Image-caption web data
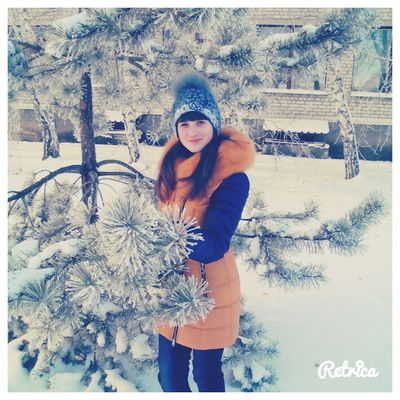 Алина Рябко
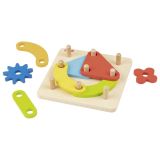 Juego de apilar TicTacToe - imagen 25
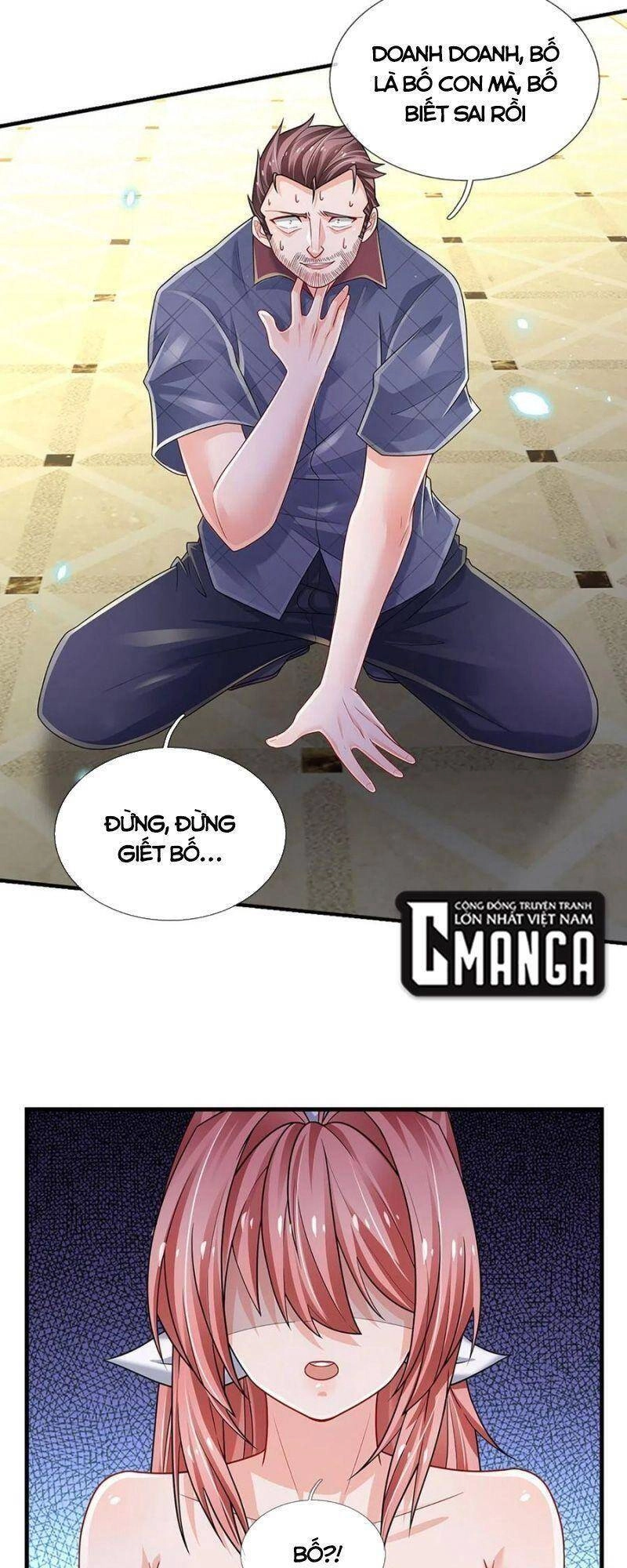 Luyện Thể Trăm Nghìn Tầng Chapter 119 - 21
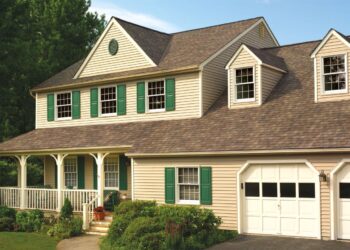 American Roofing And Siding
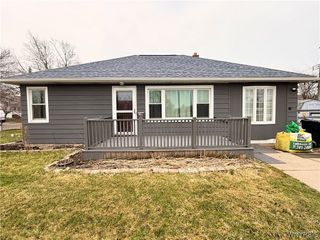 302 Midland Avenue, Tonawanda, NY 14223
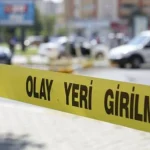 İnşaat iskelesinden düşen işçi ağır yaralandı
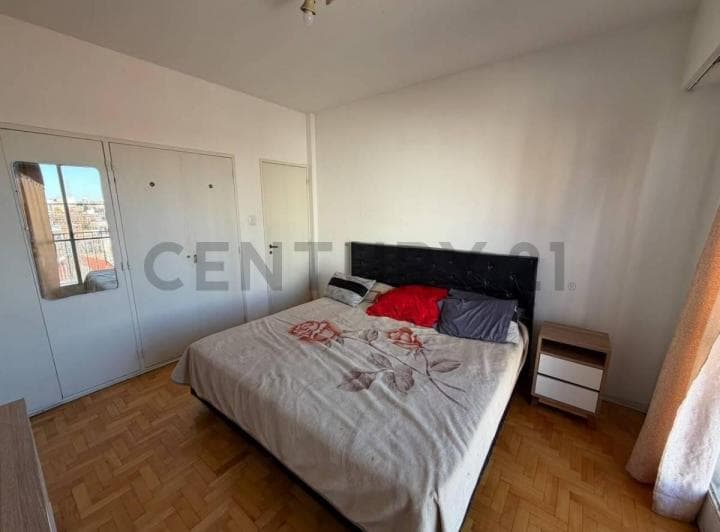 Venta Departamento 3 Ambientes Luminoso Apto Credito en San Cristobal - 5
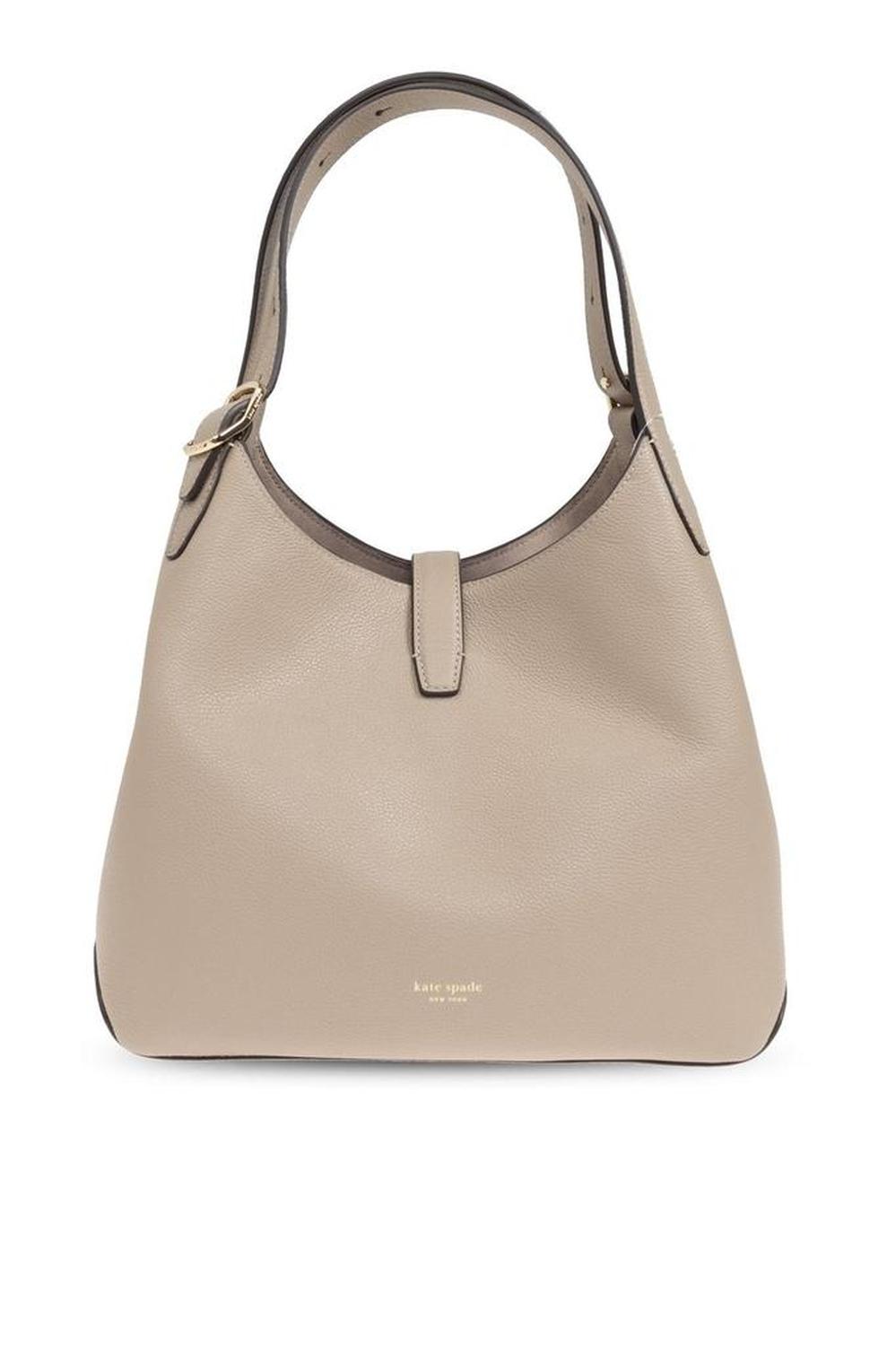 Kate Spade Elegant Hobo Crossbody Bag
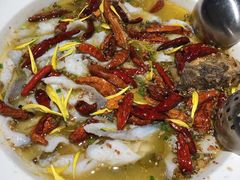 -太二酸菜鱼(菱角湖万达店)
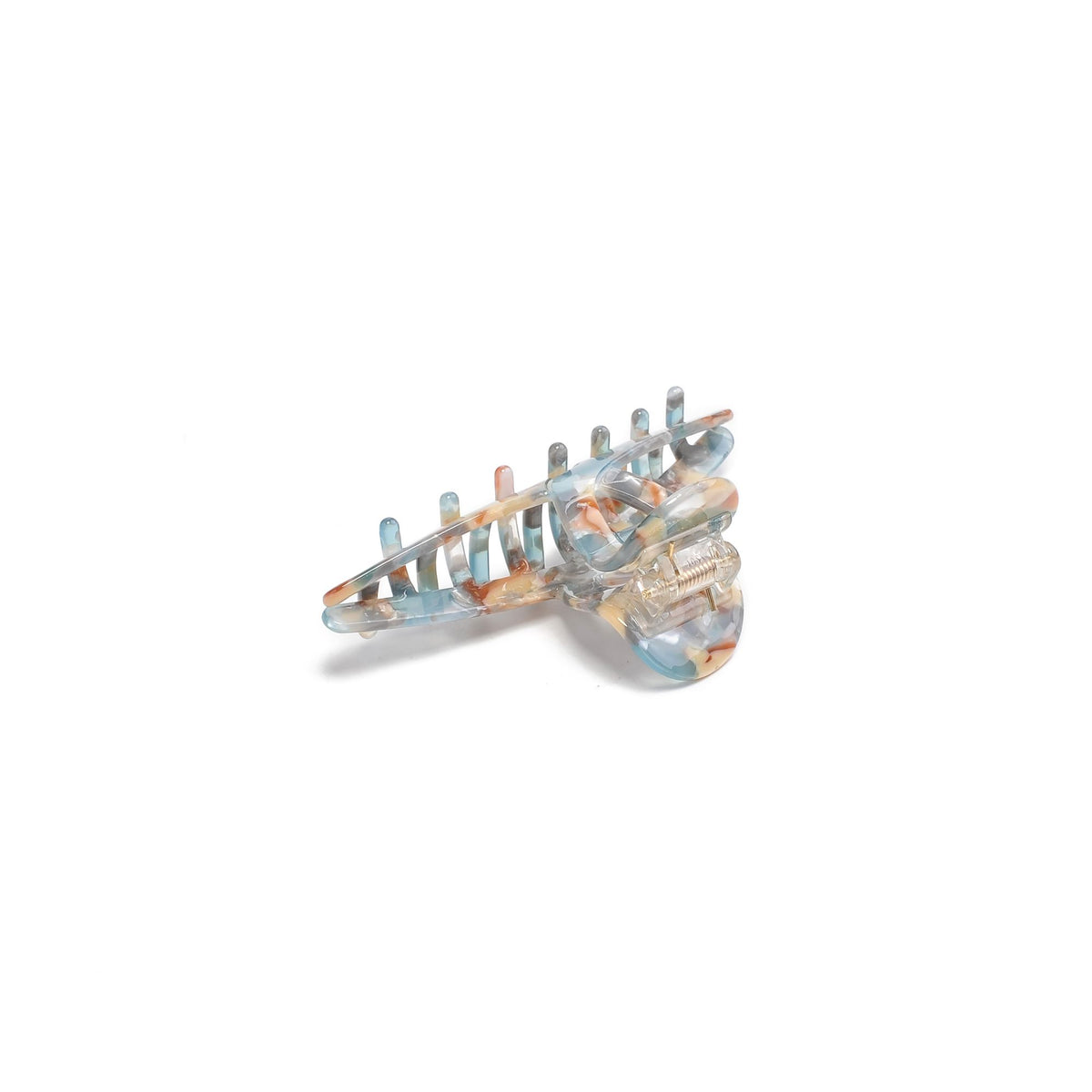 Product Image of Urban Expressions Celestina - Hair Claw Hair Claw 818209013307 View 7 | Sky Blue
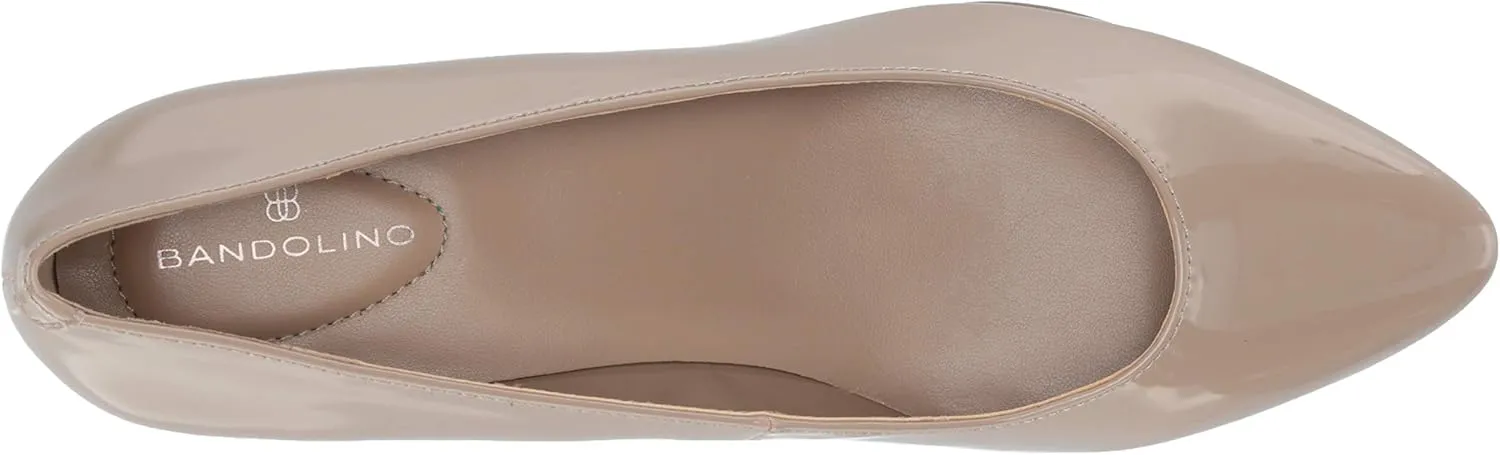 Bandolino Women's Aleth Pump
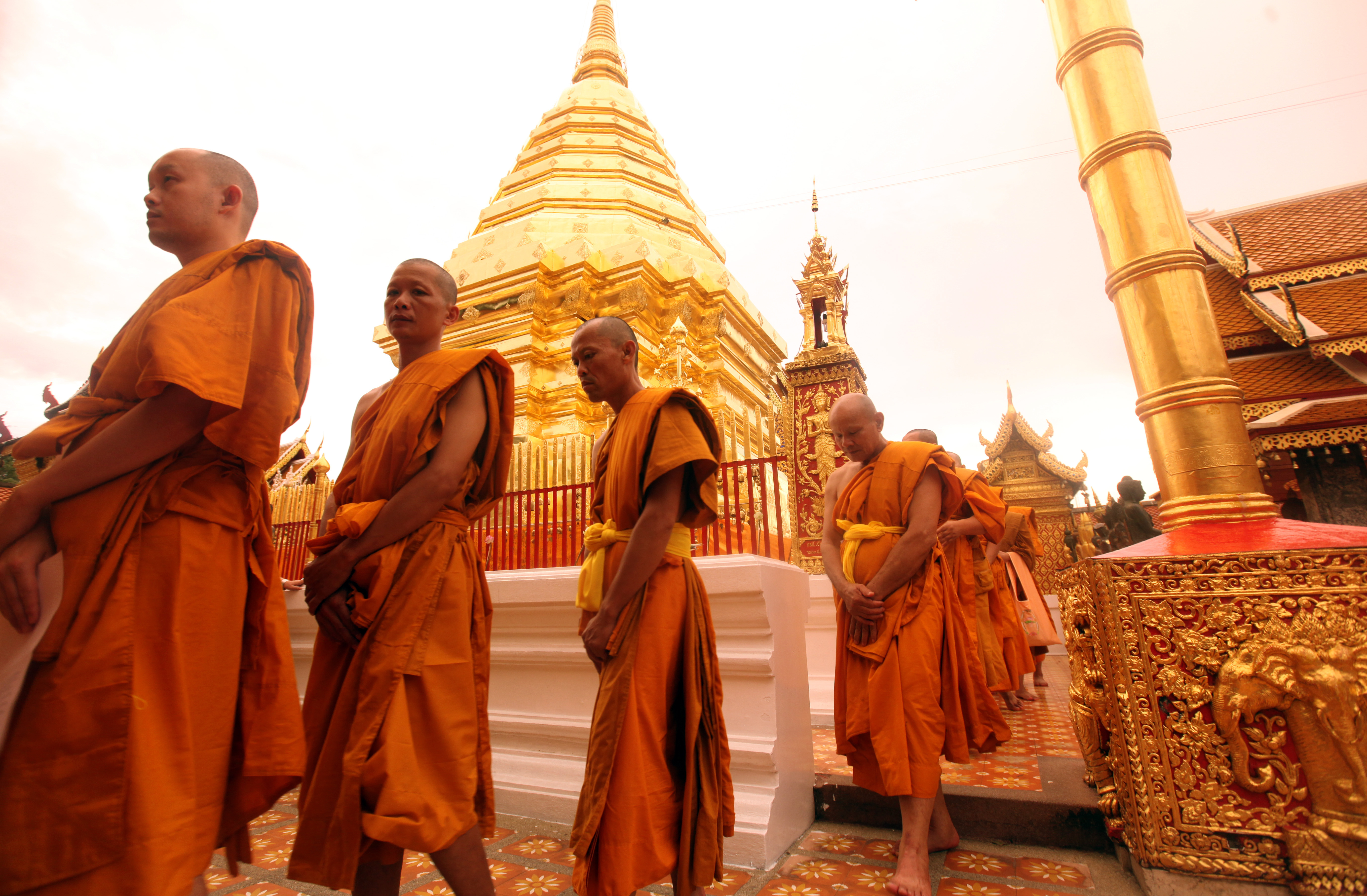 Thailand Highlights - 10 Days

## WORK INSTRUCTION
Reproduce exactly and only the lines from the "Venta Departamento 3" line to the last line of the records above. Do not carry over any pictures.

## SOLUTION FOR THIS EXERCISE
 Venta Departamento 3 Ambientes Luminoso Apto Credito en San Cristobal - 5
 Kate Spade Elegant Hobo Crossbody Bag
 -太二酸菜鱼(菱角湖万达店)
 Product Image of Urban Expressions Celestina - Hair Claw Hair Claw 818209013307 View 7 | Sky Blue
 Bandolino Women's Aleth Pump
 Thailand Highlights - 10 Days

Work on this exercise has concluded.